日銀法の趣旨に違反する日銀。 | 皇国ノ興廃此一戦二在リ各員一層奮励努力セヨ 






【お金は知っている】14年もデフレを放置!

http://www.zakzak.co.jp/economy/ecn-news/news/20121130/ecn1211300711005-n1.htm






草莽崛起:皇国興廃此一戦在各員一層奮励努力。 


日銀が政府からの独立性を付与された現行日銀法が施行されたのは1998年4月。以来、今年9月までの174カ月間の「コア・コア消費者物価」(国際的なインフレ指数でエネルギーと食料品を除く)の前年比増減率をみると、プラスになった月はわずかに9つに過ぎない。
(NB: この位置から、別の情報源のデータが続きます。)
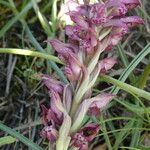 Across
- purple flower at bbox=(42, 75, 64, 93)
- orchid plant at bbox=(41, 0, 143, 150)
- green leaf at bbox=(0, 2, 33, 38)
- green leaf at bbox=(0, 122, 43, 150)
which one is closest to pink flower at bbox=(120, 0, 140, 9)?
orchid plant at bbox=(41, 0, 143, 150)

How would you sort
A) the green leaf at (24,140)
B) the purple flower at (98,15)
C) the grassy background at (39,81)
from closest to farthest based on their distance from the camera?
the purple flower at (98,15) < the green leaf at (24,140) < the grassy background at (39,81)

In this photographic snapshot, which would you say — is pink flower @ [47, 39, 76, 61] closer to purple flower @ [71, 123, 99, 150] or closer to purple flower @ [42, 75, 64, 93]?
purple flower @ [42, 75, 64, 93]

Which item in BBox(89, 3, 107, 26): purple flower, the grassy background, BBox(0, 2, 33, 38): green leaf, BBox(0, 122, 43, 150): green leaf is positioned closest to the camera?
BBox(89, 3, 107, 26): purple flower

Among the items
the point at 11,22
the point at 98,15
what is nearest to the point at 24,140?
the point at 98,15

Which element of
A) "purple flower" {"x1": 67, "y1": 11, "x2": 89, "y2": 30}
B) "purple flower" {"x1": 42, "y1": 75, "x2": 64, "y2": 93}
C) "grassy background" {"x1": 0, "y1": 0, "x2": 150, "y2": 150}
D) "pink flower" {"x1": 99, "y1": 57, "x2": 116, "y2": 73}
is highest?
"purple flower" {"x1": 67, "y1": 11, "x2": 89, "y2": 30}

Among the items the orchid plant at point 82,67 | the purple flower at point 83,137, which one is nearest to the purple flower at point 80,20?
the orchid plant at point 82,67

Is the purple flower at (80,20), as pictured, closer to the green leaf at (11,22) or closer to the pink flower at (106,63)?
the pink flower at (106,63) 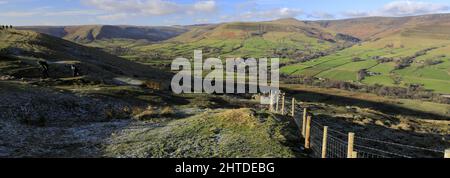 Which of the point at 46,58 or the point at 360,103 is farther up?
the point at 46,58

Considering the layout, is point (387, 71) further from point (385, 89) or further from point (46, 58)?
point (46, 58)

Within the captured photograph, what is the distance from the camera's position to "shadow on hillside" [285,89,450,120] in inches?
2969

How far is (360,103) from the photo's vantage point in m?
87.2

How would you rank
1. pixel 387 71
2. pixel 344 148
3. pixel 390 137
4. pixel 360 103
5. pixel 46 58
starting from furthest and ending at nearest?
pixel 387 71, pixel 360 103, pixel 46 58, pixel 390 137, pixel 344 148

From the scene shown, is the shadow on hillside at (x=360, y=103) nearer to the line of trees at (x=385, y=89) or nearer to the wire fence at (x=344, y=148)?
the line of trees at (x=385, y=89)

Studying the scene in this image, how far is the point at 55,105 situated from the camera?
2964cm

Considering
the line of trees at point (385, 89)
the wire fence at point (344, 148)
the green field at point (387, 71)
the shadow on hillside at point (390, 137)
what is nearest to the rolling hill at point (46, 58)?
the shadow on hillside at point (390, 137)

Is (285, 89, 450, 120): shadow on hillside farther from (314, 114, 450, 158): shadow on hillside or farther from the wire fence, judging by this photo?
the wire fence

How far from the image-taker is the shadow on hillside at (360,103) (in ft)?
247

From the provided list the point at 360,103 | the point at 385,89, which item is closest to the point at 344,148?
the point at 360,103

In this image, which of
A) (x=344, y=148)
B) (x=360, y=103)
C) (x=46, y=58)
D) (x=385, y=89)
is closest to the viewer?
(x=344, y=148)

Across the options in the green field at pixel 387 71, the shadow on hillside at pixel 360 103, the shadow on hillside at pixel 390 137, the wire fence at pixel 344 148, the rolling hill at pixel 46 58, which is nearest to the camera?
the wire fence at pixel 344 148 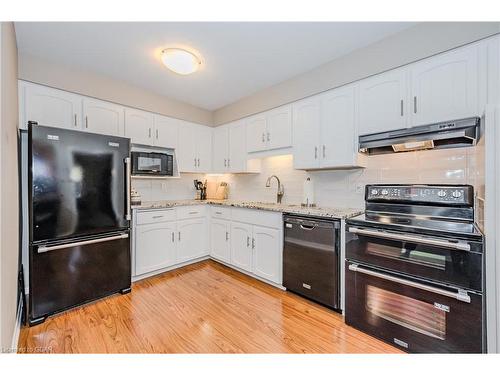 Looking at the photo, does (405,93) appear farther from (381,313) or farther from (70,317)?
(70,317)

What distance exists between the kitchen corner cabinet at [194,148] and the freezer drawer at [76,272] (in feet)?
4.65

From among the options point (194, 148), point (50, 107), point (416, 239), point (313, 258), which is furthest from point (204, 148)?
point (416, 239)

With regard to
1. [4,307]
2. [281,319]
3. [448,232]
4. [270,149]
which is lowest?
[281,319]

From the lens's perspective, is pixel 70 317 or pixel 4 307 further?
pixel 70 317

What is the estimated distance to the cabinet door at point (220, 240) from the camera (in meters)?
3.05

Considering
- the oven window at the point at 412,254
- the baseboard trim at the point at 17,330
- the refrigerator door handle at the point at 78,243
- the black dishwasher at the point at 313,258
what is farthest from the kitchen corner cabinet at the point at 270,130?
the baseboard trim at the point at 17,330

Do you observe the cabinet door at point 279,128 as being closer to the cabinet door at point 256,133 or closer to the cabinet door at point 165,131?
the cabinet door at point 256,133

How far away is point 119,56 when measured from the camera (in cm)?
223

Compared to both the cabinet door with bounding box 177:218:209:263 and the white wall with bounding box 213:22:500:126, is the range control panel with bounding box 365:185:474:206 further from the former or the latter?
the cabinet door with bounding box 177:218:209:263

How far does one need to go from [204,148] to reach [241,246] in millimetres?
1716

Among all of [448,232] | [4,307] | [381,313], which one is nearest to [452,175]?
[448,232]

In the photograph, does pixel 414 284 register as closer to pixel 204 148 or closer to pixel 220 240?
pixel 220 240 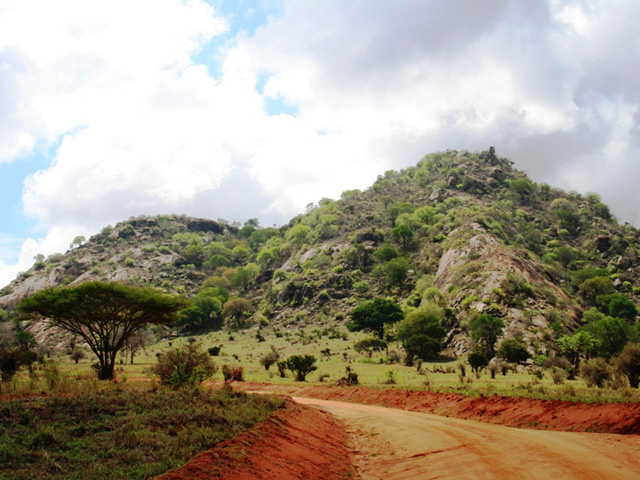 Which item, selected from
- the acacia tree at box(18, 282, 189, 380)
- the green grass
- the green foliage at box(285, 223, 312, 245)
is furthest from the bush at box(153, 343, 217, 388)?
the green foliage at box(285, 223, 312, 245)

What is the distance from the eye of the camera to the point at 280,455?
33.8 ft

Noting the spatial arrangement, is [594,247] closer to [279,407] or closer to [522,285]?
[522,285]

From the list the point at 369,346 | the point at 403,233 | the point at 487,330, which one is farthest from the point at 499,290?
the point at 403,233

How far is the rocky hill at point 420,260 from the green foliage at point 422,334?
3193 millimetres

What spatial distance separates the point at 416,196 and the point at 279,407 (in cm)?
14575

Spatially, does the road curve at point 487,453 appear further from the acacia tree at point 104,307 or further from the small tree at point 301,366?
the acacia tree at point 104,307

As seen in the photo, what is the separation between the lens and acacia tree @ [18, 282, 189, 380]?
30.8 meters

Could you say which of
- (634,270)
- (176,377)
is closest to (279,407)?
(176,377)

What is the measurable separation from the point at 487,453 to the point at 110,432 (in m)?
9.44

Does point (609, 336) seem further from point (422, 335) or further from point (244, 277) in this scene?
point (244, 277)

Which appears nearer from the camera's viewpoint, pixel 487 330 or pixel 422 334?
pixel 487 330

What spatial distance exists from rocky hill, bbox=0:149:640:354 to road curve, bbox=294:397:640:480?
139 ft

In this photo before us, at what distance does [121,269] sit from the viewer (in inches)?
4946

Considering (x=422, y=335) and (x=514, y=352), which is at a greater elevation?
(x=422, y=335) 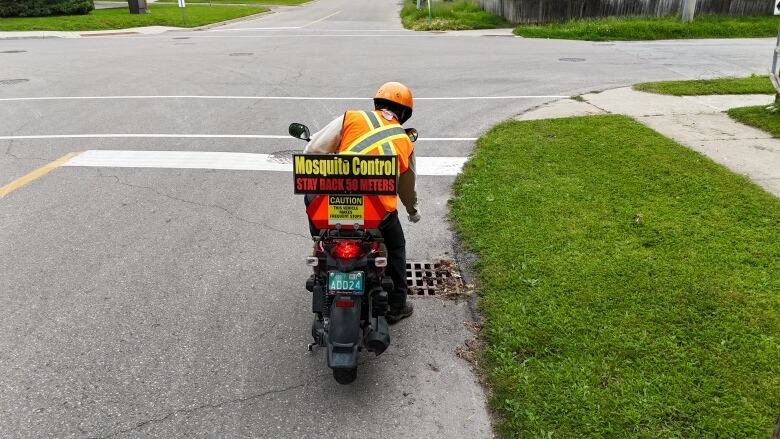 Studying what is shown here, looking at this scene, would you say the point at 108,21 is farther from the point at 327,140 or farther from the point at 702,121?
the point at 327,140

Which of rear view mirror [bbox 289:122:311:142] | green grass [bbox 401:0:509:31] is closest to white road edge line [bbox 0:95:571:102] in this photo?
rear view mirror [bbox 289:122:311:142]

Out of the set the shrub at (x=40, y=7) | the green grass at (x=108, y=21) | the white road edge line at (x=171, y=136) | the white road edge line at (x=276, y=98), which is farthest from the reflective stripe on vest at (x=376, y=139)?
the shrub at (x=40, y=7)

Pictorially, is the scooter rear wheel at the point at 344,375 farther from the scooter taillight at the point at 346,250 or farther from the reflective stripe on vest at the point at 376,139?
the reflective stripe on vest at the point at 376,139

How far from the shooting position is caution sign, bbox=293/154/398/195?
3.46m

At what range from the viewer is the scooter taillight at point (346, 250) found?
351cm

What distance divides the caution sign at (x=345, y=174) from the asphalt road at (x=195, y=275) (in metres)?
1.19

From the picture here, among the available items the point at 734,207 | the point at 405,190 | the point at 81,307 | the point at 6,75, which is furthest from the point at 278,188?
the point at 6,75

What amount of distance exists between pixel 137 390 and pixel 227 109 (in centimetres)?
791

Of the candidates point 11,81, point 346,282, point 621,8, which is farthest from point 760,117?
point 621,8

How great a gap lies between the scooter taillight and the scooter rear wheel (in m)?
0.67

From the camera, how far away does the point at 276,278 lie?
4988 mm

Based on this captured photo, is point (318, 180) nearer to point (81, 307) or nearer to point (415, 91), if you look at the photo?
point (81, 307)

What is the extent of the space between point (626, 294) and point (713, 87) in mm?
9065

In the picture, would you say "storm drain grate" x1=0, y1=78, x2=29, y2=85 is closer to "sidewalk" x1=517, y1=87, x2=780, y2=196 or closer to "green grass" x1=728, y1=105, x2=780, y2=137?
"sidewalk" x1=517, y1=87, x2=780, y2=196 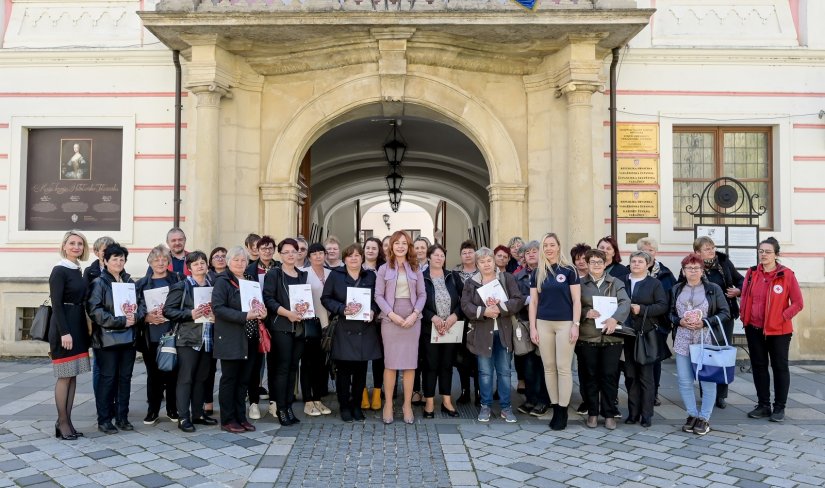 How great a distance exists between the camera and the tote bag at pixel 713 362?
595 cm

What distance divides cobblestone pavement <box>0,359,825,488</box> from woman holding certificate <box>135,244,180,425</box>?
242 millimetres

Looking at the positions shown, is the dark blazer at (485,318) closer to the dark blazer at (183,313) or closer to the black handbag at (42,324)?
the dark blazer at (183,313)

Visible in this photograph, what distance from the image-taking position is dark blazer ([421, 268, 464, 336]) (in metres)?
6.67

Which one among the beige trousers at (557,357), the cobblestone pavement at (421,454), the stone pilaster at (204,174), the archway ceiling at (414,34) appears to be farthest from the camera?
the stone pilaster at (204,174)

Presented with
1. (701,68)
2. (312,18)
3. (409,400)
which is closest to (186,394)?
(409,400)

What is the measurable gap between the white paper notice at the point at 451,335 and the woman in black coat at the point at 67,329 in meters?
3.17

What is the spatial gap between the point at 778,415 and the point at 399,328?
3.80 meters

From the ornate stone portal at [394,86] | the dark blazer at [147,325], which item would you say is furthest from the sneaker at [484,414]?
the ornate stone portal at [394,86]

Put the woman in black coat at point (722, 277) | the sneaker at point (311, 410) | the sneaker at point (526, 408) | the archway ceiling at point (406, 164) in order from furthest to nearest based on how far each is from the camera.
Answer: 1. the archway ceiling at point (406, 164)
2. the woman in black coat at point (722, 277)
3. the sneaker at point (526, 408)
4. the sneaker at point (311, 410)

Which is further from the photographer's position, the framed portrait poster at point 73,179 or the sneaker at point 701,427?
the framed portrait poster at point 73,179

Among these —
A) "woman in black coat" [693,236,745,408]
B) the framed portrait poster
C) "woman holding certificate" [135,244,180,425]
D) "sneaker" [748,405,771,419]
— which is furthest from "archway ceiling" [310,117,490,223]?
"sneaker" [748,405,771,419]

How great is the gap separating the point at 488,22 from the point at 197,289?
509 cm

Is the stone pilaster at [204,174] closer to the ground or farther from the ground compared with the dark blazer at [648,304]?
farther from the ground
 それも、98年の夏までと2008年央の数カ月で、前者は97年の消費税率引き上げ、後者は国際商品の値上がりの余波をそれぞれ受けた、一過性の上昇に過ぎない。日銀は「独立」以来、物価下落を放置するデフレ容認路線を走り続けてきた。

 政界やメディアの多数派はいまだに日銀政策やデフレ問題に関心が薄い。脱デフレを最重視する自民党の安倍晋三総裁は日銀批判の声を荒らげているが、野田佳彦首相ら民主党幹部は「日銀の独立を守れ」と言い返し、日経新聞を含めメディアの多くも同調する。中央銀行独立至上主義は国民や国家を忘れている。

 デフレは私たちの生活を破壊する。税収を減らして国家財政を危機に陥れる。総合消費者物価は11年、97年比で3・3%下がったが、サラリーマン世帯の収入は15・8%少なくなった。この間、国内総生産(GDP)は1割減ったが、中国のそれは6倍と膨張し、経済規模で日本を抜き去って世界第2位となり中国国内では「小日本」の標語を掲げた暴徒が日本企業を襲い、日本製品不買運動を起こしている。韓国もまた、日本の国力衰退を侮るようになった。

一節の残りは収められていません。